# Bond order

Bond order, as introduced by Linus Pauling, is defined as the difference between the number of bonds and anti-bonds.

The bond number itself is the number of electron pairs (bonds) between a pair of atoms.[1] For example, in diatomic nitrogen N≡N the bond number is 3, in acetylene H−C≡C−H the bond number between the two carbon atoms is also 3, and the C−H bond order is 1. Bond number gives an indication of the stability of a bond. Isoelectronic species have same bond number.[2]

In molecules which have resonance or nonclassical bonding, bond number may not be an integer. In benzene, the delocalized molecular orbitals contain 6 pi electrons over six carbons essentially yielding half a pi bond together with the sigma bond for each pair of carbon atoms, giving a calculated bond number of 1.5. Furthermore, bond numbers of 1.1, for example, can arise under complex scenarios and essentially refer to bond strength relative to bonds with order 1.

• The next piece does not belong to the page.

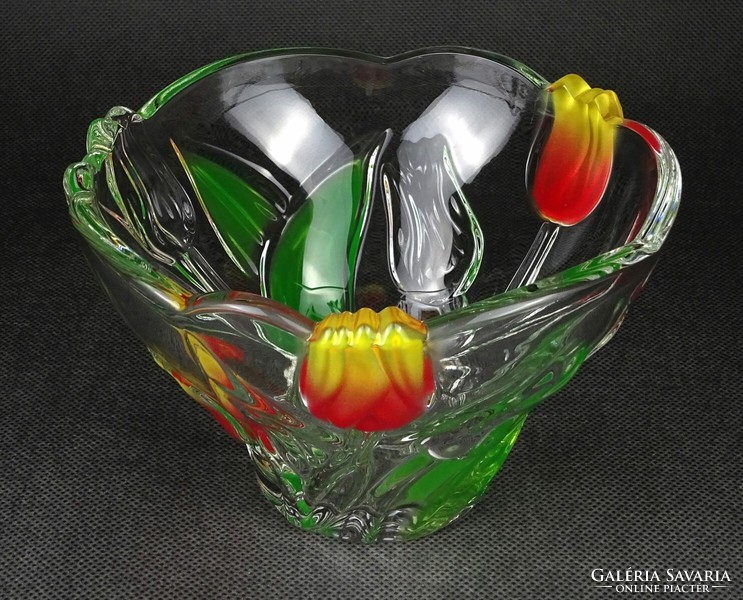 1N552 Tulipános üveg dísztárgy dísz tál 10 x 15.5 cm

## Bond order in molecular orbital theory

In molecular orbital theory, bond order is defined as half the difference between the number of bonding electrons and the number of antibonding electrons as per the equation below.[3][4]. This often but not always yields similar results for bonds near their equilibrium lengths, but it does not work for stretched bonds.[5] Bond order is also an index of bond strength and is also used extensively in valence bond theory.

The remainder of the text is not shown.